Nurses Knowledge Toward Hand Hygiene In Health Facilities

Authors

  • Abdullah Abdulmohsen A Allugmani, Abdulaziz Ali Masoud Alfaifi, Rayan Ali Mussad Alghamdi, Rahaf Hazim Abdullah Dawaaji, Raneem Hamid Alqurashi
  • Turki khalid Hamzah Alghamdi, Mohammed Abed Abad Alsofyni, Shadia Awadh Alzaidi, Azizah Saleh Abdullah Alzahrani

DOI:

https://doi.org/10.70082/sfxn7x02

Abstract

A critical synthesis of existing research conducted within Saudi Arabia is required to elucidate the determinants of the observed hand hygiene knowledge-practice gap among its nursing workforce. To investigate this knowledge gap, the study seeks to establish the knowledge that nurses have on hand hygiene in terms of its sub domains, and to examine some of the variables that are likely to influence the knowledge of sub domains. A cross-sectional study was employed that involved a structured, validated questionnaire administered to 250 nurses of a tertiary hospital, and descriptive statistics, t-test, and ANOVA, correlation, and multiple linear regression were utilized to analyze the data. Parameters of participated were demographic/professional attributes; knowledge was measured using a 25-item questionnaire; some of the perceived barriers were also collected. Results of the study were that the average knowledge was 18.6/25, which reflects to some extent that the knowledge level could be described to be moderate, but one of the gap that the knowledge level was weak on the Five Moments domain and that was 7.4/10, while the technique and product knowledge were 11.2/15. Regression analysis showed that training within the last two years (β=0.29, p<0.001) along with being part of the ICU (β=0.18, p=0.001) are significant positive predictors of knowledge, while overall perception of barriers are strong negative predictors (β=-0.30, p<0.001). This explains 29.4% of the variance in knowledge scores.

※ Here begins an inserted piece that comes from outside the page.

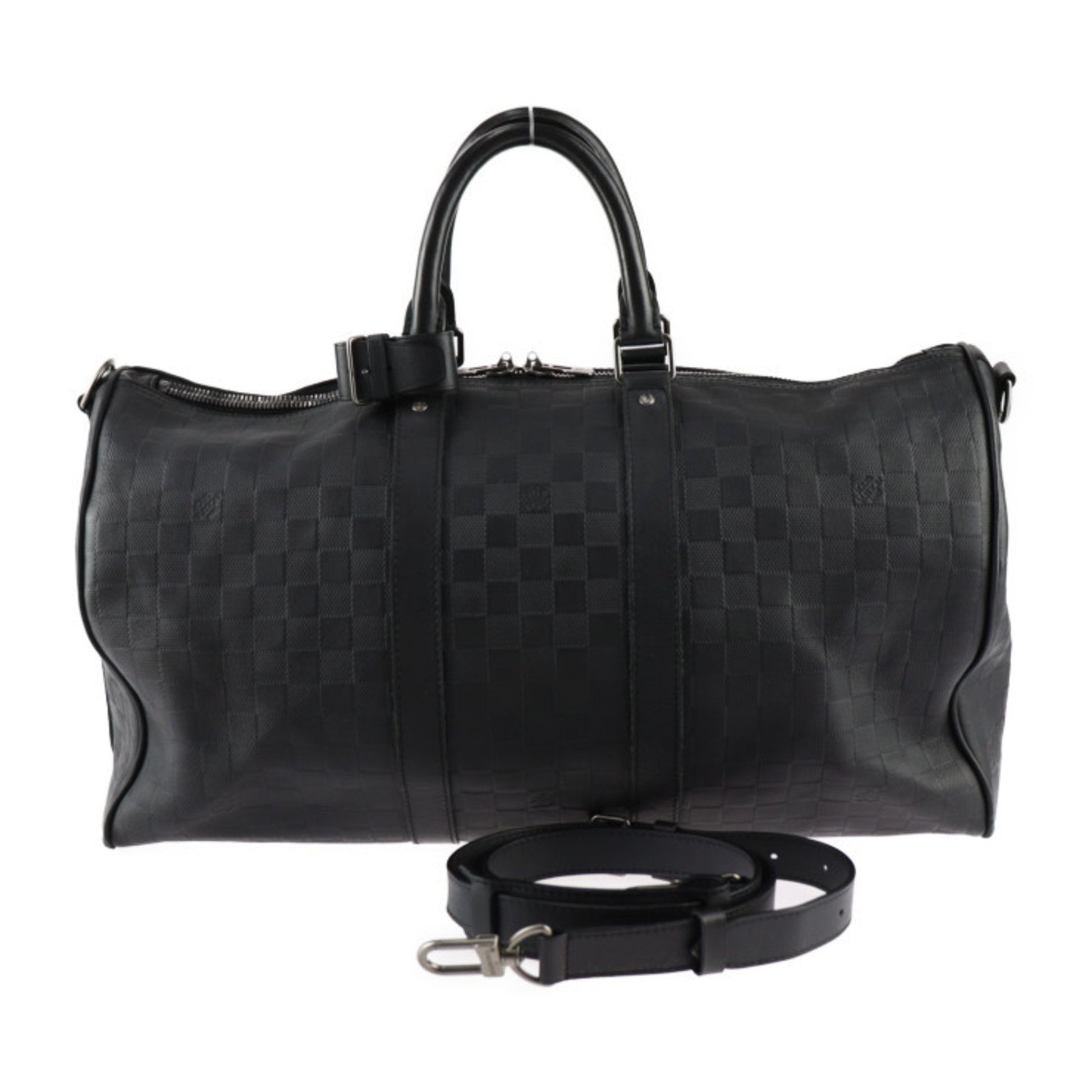 Louis Vuitton Keepall Bandouliere 45 Black Leather Travel Bag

It is concluded that HH knowledge is differentially impacted by recency of training, clinical unit culture, and perceived barriers. This emphasizes the need for specific, integrated approaches that go along with continuous conceptual education and organization of work around structural elements that alleviate workload and preventive skin damage for better sustained outcomes.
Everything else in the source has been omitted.